'''

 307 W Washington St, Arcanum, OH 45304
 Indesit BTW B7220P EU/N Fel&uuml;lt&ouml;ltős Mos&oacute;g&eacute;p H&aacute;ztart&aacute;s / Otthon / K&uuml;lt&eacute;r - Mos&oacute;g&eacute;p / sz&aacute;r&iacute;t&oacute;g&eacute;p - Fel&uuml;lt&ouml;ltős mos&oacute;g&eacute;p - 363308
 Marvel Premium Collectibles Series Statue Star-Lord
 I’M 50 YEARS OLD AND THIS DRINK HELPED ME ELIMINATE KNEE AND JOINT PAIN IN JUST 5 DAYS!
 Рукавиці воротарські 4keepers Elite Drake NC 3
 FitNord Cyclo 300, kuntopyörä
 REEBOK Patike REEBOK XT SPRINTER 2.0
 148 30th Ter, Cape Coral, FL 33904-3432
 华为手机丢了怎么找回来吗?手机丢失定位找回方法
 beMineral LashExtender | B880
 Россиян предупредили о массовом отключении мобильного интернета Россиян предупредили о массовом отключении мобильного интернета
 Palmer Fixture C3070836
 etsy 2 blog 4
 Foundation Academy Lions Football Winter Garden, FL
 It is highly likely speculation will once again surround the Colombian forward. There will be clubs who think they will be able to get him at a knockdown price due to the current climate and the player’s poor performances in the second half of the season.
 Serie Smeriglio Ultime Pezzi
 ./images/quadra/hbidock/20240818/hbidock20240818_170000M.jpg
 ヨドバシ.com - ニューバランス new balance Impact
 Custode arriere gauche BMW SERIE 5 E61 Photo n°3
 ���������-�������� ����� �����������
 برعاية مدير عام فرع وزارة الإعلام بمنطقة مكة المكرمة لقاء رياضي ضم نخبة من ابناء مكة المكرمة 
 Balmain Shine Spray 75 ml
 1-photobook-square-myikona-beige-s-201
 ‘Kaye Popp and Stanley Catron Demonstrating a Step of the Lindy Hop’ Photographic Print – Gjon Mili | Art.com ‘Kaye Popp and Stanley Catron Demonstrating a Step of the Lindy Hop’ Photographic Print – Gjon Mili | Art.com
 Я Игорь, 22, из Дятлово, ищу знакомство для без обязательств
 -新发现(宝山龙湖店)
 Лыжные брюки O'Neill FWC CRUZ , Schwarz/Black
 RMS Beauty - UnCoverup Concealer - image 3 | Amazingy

'''

> **Instructions to follow**
What you give back should be exactly the lines of the data above from the line with "I’M 50 YEARS" through the line with "148 30th Ter, Cape Coral, FL 33904-3432", both of those included, and nothing more.

> **Problem solution**
 I’M 50 YEARS OLD AND THIS DRINK HELPED ME ELIMINATE KNEE AND JOINT PAIN IN JUST 5 DAYS!
 Рукавиці воротарські 4keepers Elite Drake NC 3
 FitNord Cyclo 300, kuntopyörä
 REEBOK Patike REEBOK XT SPRINTER 2.0
 148 30th Ter, Cape Coral, FL 33904-3432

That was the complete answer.